**Extracted records**
___
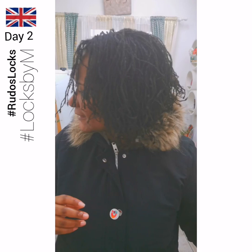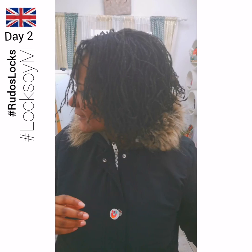Knotted locks all the way. Hopefully this helps answer your questions in terms of why I do what I do and how the locks would look. These are Rudo's locks — eight-month regrowth taken care of in two days. I love knotted locks.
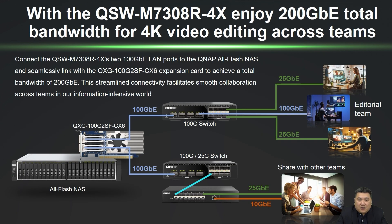Facing large volumes of 4K and 8K video editing demands, the QNAP QSW-M7308-R4X combined with LACP achieves a bandwidth of 200GB, ensuring seamless cross-team collaboration. This allows video editing teams to edit and transfer high-quality 4K and 8K videos over a shared 1200GB network bandwidth, swiftly uploading them to an all-flash NAS for synchronized sharing between different teams.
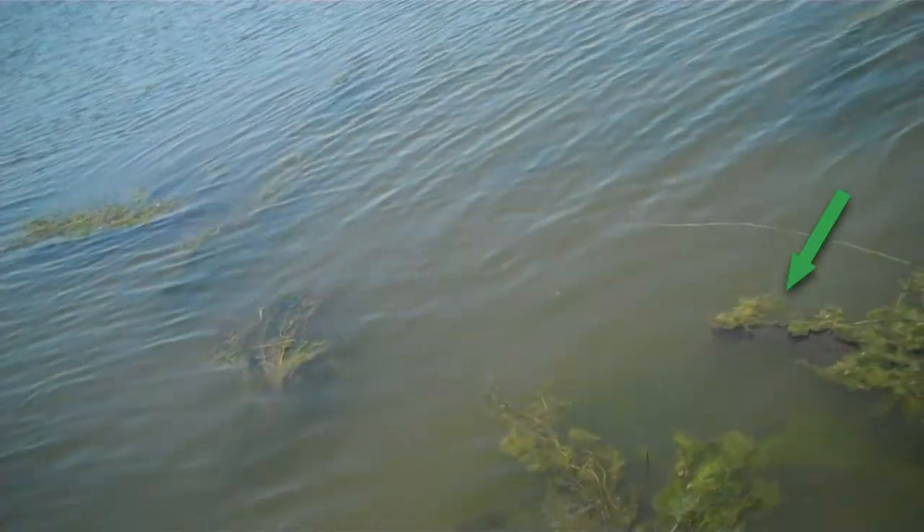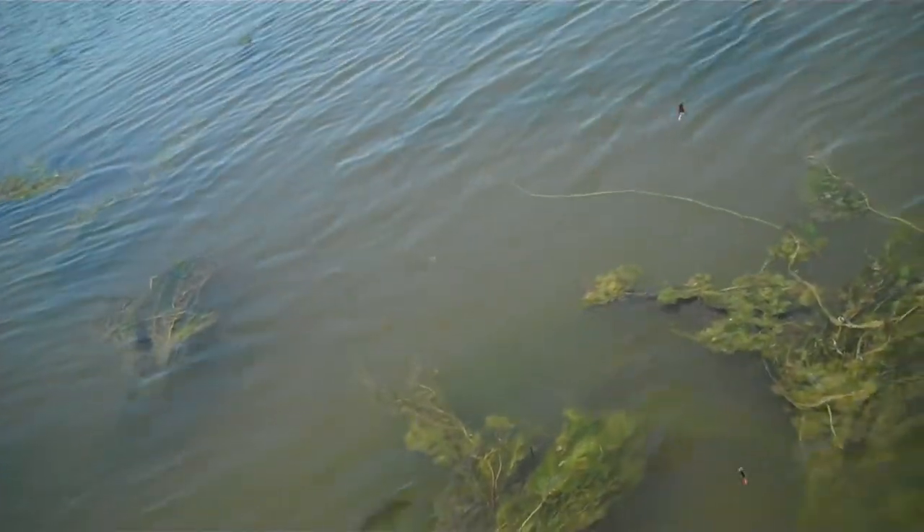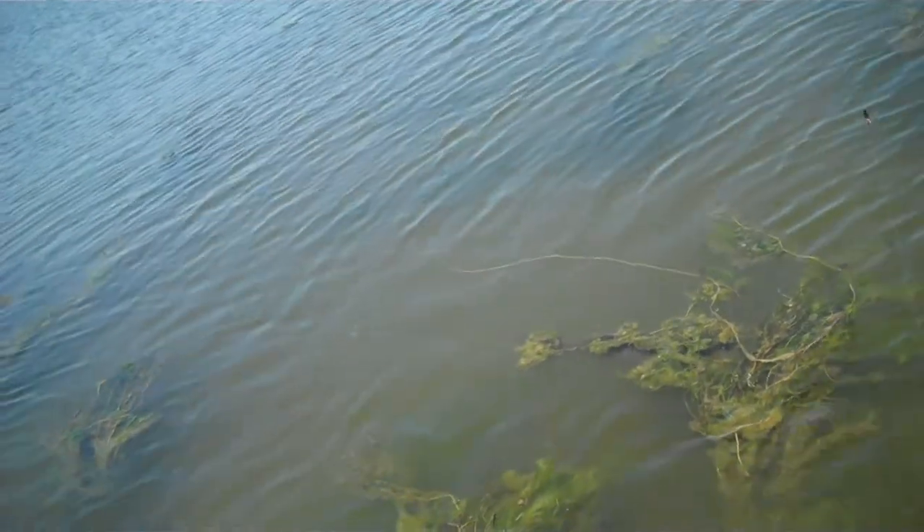This next fish isn't tailing in the classic sense, but he is feeding very seriously on damsels just under the weeds — he's a prime target. When I'm stalking fish that are feeding on damsels like this, usually all I get is just one split-second glimpse of their tail. For the fish in this clip, we're going to get a much better look at him chowing down at the damsel delivery station.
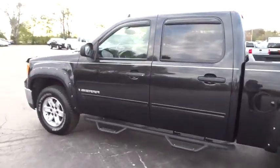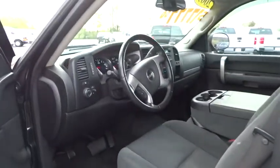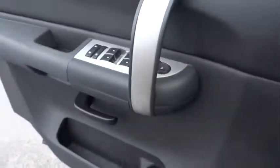The Sierra 1500 now comes with an automatic transmission that combines high max hauling capability with precise control. This vehicle has less than 115,000 miles. Here are some of this vehicle's great options.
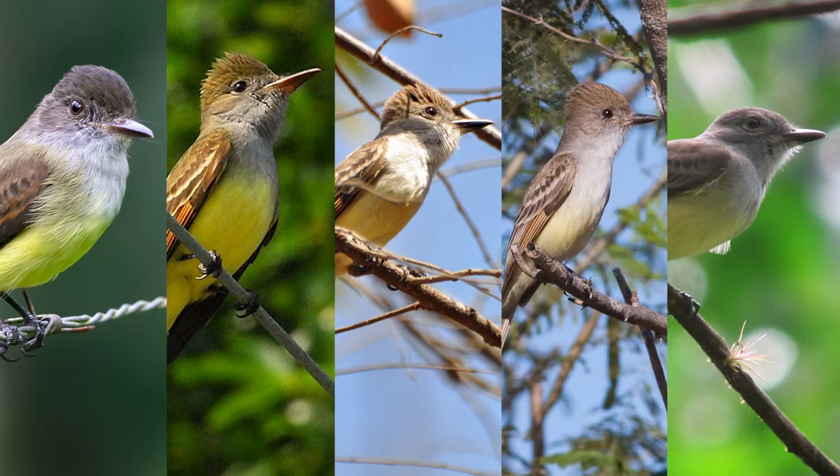Alright, I hope these flycatchers are now a little less confusing than they seemed before you watched this video. Let's summarize and look at the birds next to each other.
___
Return nothing but the lines running from the start of the data to the line with "Facing large volumes", please, both ends included and no pictures.

Knotted locks all the way. Hopefully this helps answer your questions in terms of why I do what I do and how the locks would look. These are Rudo's locks — eight-month regrowth taken care of in two days. I love knotted locks.
Facing large volumes of 4K and 8K video editing demands, the QNAP QSW-M7308-R4X combined with LACP achieves a bandwidth of 200GB, ensuring seamless cross-team collaboration. This allows video editing teams to edit and transfer high-quality 4K and 8K videos over a shared 1200GB network bandwidth, swiftly uploading them to an all-flash NAS for synchronized sharing between different teams.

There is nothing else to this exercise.